People often find familiar shapes in random places. You may have looked at a cloud and imagined a sailboat, a seahorse, or even your great-aunt Rosemary staring back at you. Scientists call this tendency to find meaningful patterns in randomness “apophenia.” But in some cases, those patterns are very real. Associate Professor Saket Navlakha of Cold Spring Harbor Laboratory studies hidden structures that appear throughout nature.
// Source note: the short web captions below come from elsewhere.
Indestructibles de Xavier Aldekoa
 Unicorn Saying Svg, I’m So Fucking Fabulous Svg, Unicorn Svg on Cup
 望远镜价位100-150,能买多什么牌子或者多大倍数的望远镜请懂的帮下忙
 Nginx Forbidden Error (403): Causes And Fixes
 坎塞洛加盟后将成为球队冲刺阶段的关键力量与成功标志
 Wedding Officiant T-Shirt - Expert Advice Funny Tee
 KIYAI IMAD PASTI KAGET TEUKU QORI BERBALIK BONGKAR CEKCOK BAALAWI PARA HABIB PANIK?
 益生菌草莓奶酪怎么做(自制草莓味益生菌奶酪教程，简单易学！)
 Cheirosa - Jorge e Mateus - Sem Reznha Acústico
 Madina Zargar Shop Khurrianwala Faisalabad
One of the most well-known examples of organized patterning is the Voronoi diagram, a geometric system that divides space into discrete regions around a central point. A simple example is a school district. Each school district (region) is located so that students are always closest to their assigned school (center point).
“Voronoi diagrams have been used for centuries in a variety of applications, from urban planning to network design,” says Navlakha.
Patterns similar to Voronoi diagrams are often found in nature, such as giraffe patterns. However, these natural versions usually do not include the obvious center point found in textbook examples. Navlakha and former graduate student Shishi Zhen recently identified a rare exception to Pilea peperomioides, better known as China’s money plant.
China’s money tree reveals hidden mathematical patterns
Chinese money plant is a perennial plant native to Yunnan and Sichuan provinces in China. It is a popular ornamental plant as a gift. The circular leaves have prominent pores called antral nodes and are surrounded by a network of looped veins that move water and nutrients through the leaf.
After carefully mapping the pores and veins, Navlakha and Zheng discovered that the leaf structure naturally forms a Voronoi pattern.
To better understand how this pattern develops, the researchers teamed up with Przemysław Prusinkiewicz, a scientist internationally known for his work on leaf venation in plants. Together, they identified a “natural algorithm” that is responsible for producing loop-like veins around the pores of leaves.
“Just as humans have to solve problems to survive, the same is true for other organisms,” says Zheng, now a postdoctoral fellow at the Allen Institute. “However, unlike humans, plants cannot explicitly measure distance; instead, they rely on local biological interactions to achieve the same Voronoi solution.”
Algorithms hidden in nature
The discovery highlights how organisms can build highly organized systems without conscious planning or measurement.
“We think of these algorithms in nature as a way to explain how organisms behave and try to understand the world,” Navlakha says. “This example is a great blend of classical geometry, modern plant biology, and computer science.”
Professor Prusinkiewicz said the discovery may finally solve a long-standing scientific mystery about leaf vein formation.
“It is remarkable how yet another aspect of plant morphology and patterning turns out to be mathematical,” Prusinkiewicz added. “For decades, the question of how reticulated leaf veins are formed has remained unanswered, but we finally have a plausible answer in the Voronoi pattern of the Chinese money plant.”
Navlakha and Zheng hope future studies of these patterns will reveal more about how plants solve complex biological challenges. They believe this research could ultimately help scientists better understand the mathematical principles that shape evolution, development, and life itself.